Appeal from a judgment of the Supreme Court (Cobb, J.), entered September *7484, 1994 in Albany County, which, in a proceeding pursuant to CPLR article 78, granted respondent’s motion to dismiss the petition for failure to state a cause of action.
This appeal involves RPTL 545 transition assessments with respect to the change in ownership of the Shoreham Nuclear Power Plant in Suffolk County. Related litigation concerning real property taxes and payments in lieu of taxes (hereinafter PILOTs) resulting from the transfer of the Shoreham plant from the Long Island Lighting Company (hereinafter LILCO) to the Long Island Power Authority (hereinafter LIPA) provides the history leading to the issue now before us (see, Matter of County of Suffolk v New York State Bd. of Equalization & Assessment, 207 AD2d 233, lv denied 86 NY2d 702; Long Is. Power Auth. v Shoreham-Wading Riv. Cent. School Dist., 195 AD2d 140, lv dismissed 83 NY2d 1001, lv granted 86 NY2d 709). The specific issue presented on appeal is whether the PILOTs provided by Public Authorities Law § 1020-q were intended to supersede the transition assessments provided for by RPTL 545. Respondent, by Resolution 94-13 dated January 28, 1994, deferred to the reasoning expressed by the Second Department in Long Is. Power Auth. v Shoreham-Wading Riv. Cent. School Disk (supra) and concluded that the provisions of RPTL 545 were not activated by the transfer of the Shoreham plant. Petitioners commenced this CPLR article 78 proceeding challenging that determination. Supreme Court, adopting the same reasoning used by respondent, dismissed the petition. Petitioners appeal.
In our view, respondent’s determination was clearly rational. The Second Department concluded that the Legislature intended that the PILOTs provided by Public Authorities Law § 1020-q were "a complete substitution” for real property taxes and assessments otherwise due on the Shoreham plant property (Long Is. Power Auth. v Shoreham-Wading Riv. Cent. School Dist., supra, at 146). As Supreme Court aptly observed, the PILOTs decline in amount in recognition of the inoperative state of the Shoreham plant and the real property valuation appropriately attaching to the property because of that status. That situation, although undoubtedly influenced by State action, was preexisting at the time of the transfer to LIPA and was not the result of LIPA’s tax-exempt ownership of the property (see, Public Authorities Law §§ 1020-a, 1020-q; see also, Long Is.
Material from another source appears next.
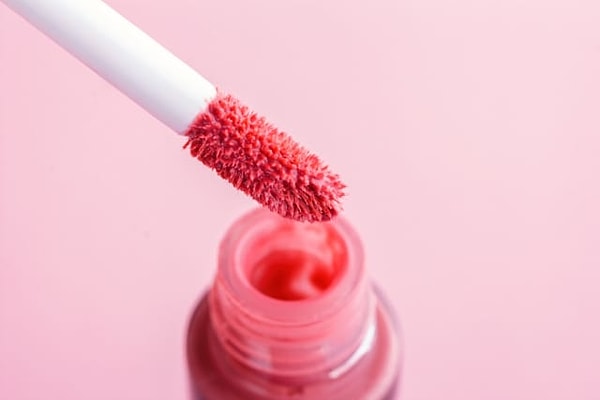 2. Куда это наносят?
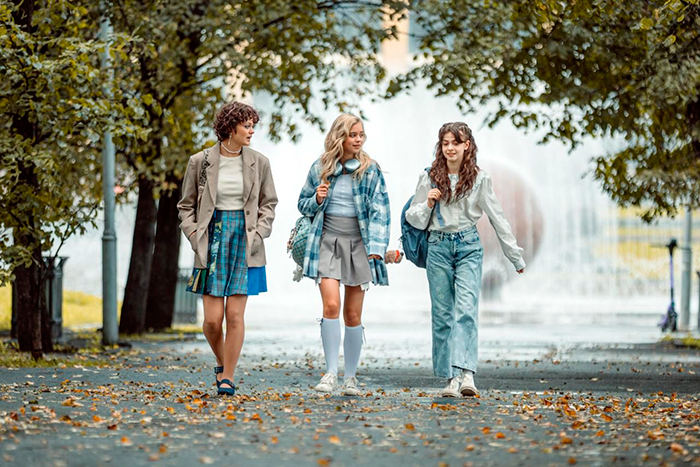 кадр Твоё сердце будет разбито 6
Power Auth. v Shoreham-Wading Riv. Cent. School Dist., supra, at 143-144). The provisions for PILOTs in the Long Island Power Authority Act were designed to compensate the local municipalities for any loss of revenue based upon the re*749moval of the LILCO property from the tax rolls and not for future losses in revenue as a result of excessive assessments on the Shoreham plant (see, Public Authorities Law § 1020-q). Accordingly, we affirm Supreme Court’s judgment.
Cardona, P. J., Mercure, White and Peters, JJ., concur. Ordered that the judgment is affirmed, without costs.